After the SolarWinds software supply chain incident was discovered in 2020, regulators and security leaders began paying much more attention to software supply-chain risks. One major result of this increased attention is increasing regulatory and contractual compliance requirements for software vendors to maintain and provide Software Bills of Materials. SBOM documents are automation-friendly data files that identify all of the open-source and other third-party libraries and similar components that are included in a particular piece of software; there are a few standard formats for these files, most popular being OWASP’s CycloneDX and the ISO’s SPDX®.
But processes for producing, maintaining, and distributing SBOMs are often inconsistent. There is unfortunately very little standards work on SBOM inclusion and distribution. The Python maintainers, though, have just made a big stride forward for their own community, and provide a potential model for open-source software (OSS) producers to package SBOMs with their packages — they just adopted guidance known as PEP 770 – Improving measurability of Python packages with Software Bill-of-Materials that standardizes how package maintainers provide SBOM documents in a consistent and automation-friendly way.

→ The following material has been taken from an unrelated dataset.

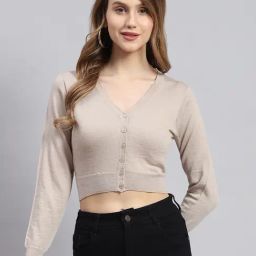Monte Carlo Beige Wool Crop Cardigan-24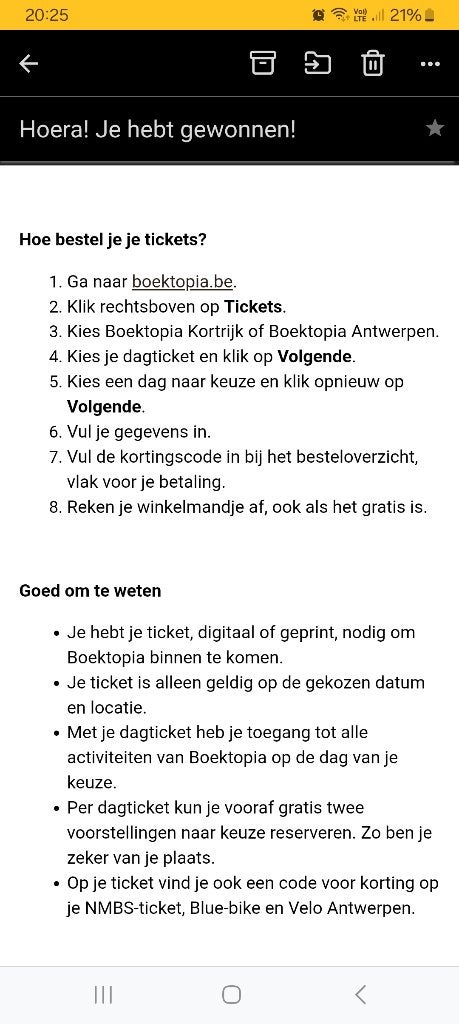 Tickets Boektopia, 2 stuks, Tickets en Kaartjes, Twee personen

And of course, with any new capability, there are risks—adversaries have potential paths to use SBOM inclusions maliciously, and even legitimate actors can make errors or act unscrupulously.
Why distribute SBOMs?
If you’re thinking about SBOMs, it’s probably for compliance. Many governments are either requiring or planning to require software vendors to provide SBOMs in various cases, and large contract-based compliance programs (like the Payment Card Industry standards) have started to reflect this as well. And in some cases, private buyers are favoring vendors that can provide SBOMs over those that don’t, even when compliance isn’t in play for them.
- In the USA, Executive Order 14028 (2021) directed the National Institute of Standards and Technology (NIST) to develop government-wide software security standards. This EO explicitly requires SBOMs for software purchased by the US Federal Government.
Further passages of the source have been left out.